This award funds the research activities of Professors Savas Dimopoulos, Peter Graham, Shamit Kachru, Renata Kallosh, Andrei Linde, Leonardo Senatore, Steve Shenker, Eva Silverstein and Leonard Susskind at Stanford University.

We live in an era of rapid progress on central questions in fundamental particle physics, early-universe cosmology, and quantum gravity. In particle physics, the origin of the masses of many of the elementary particles is expected to be explained by new types of particles and interactions found at energies of roughly 100 times the proton mass --- a scale known as the weak scale. The Large Hadron Collider (LHC) has attained energies in proton-proton collisions that are high enough to produce such new particles, and has discovered the elusive Higgs boson, confirming this picture. But serious questions remain about the properties of the Higgs particle itself, and the LHC has yet to shed light on these. Professors Dimopoulos and Graham will focus on developing complementary experimental methods of probing fundamental physics as well as new theoretical mechanisms to explain the still mysterious properties of the Higgs particle.

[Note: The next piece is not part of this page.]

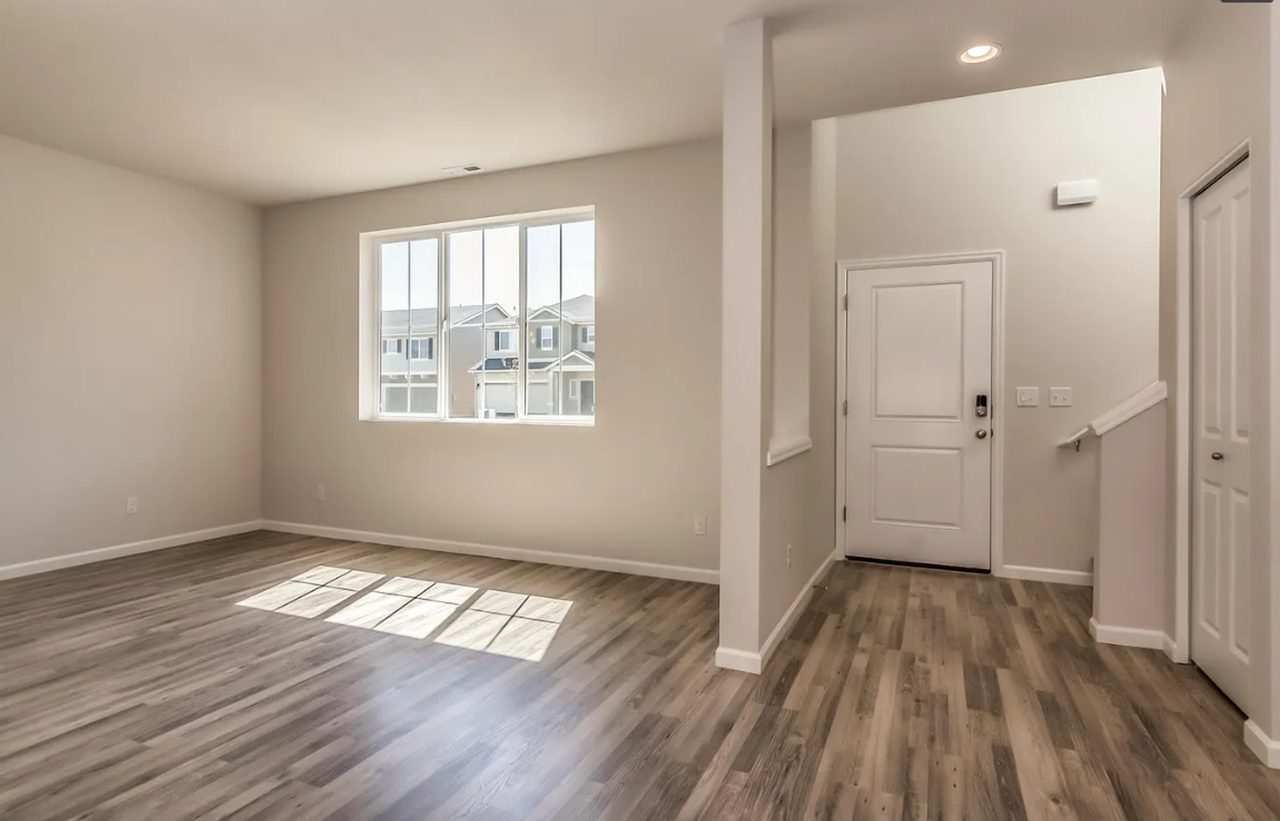 20527 Se Cameron Ave - Photo 5 of 14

Professors Kallosh, Linde, Senatore, and Silverstein will lead diverse efforts to develop the theory of inflation --- our leading candidate for the physics underlying the Big Bang --- in terms of its possible experimental signatures and underlying theoretical structures. The Stanford group will also develop new models and tests of a diverse array of potential early-Universe phenomena. Professors Kachru, Shenker, and Susskind are working on issues in quantum gravity. These include studies of how the mysterious physics of black holes (which seem to destroy particles and information by absorbing them) can be reconciled with quantum mechanics. They also include attempts to understand new mathematical structures underlying quantum gravity. Collectively, this work advances the national interest by developing new tools and paradigms in fundamental science. The broader impacts of this work include the training of numerous junior scientists who then play prominent roles in academia, industry, and finance, as well as the dissemination of material which educates the general public about cutting-edge issues in modern theoretical physics.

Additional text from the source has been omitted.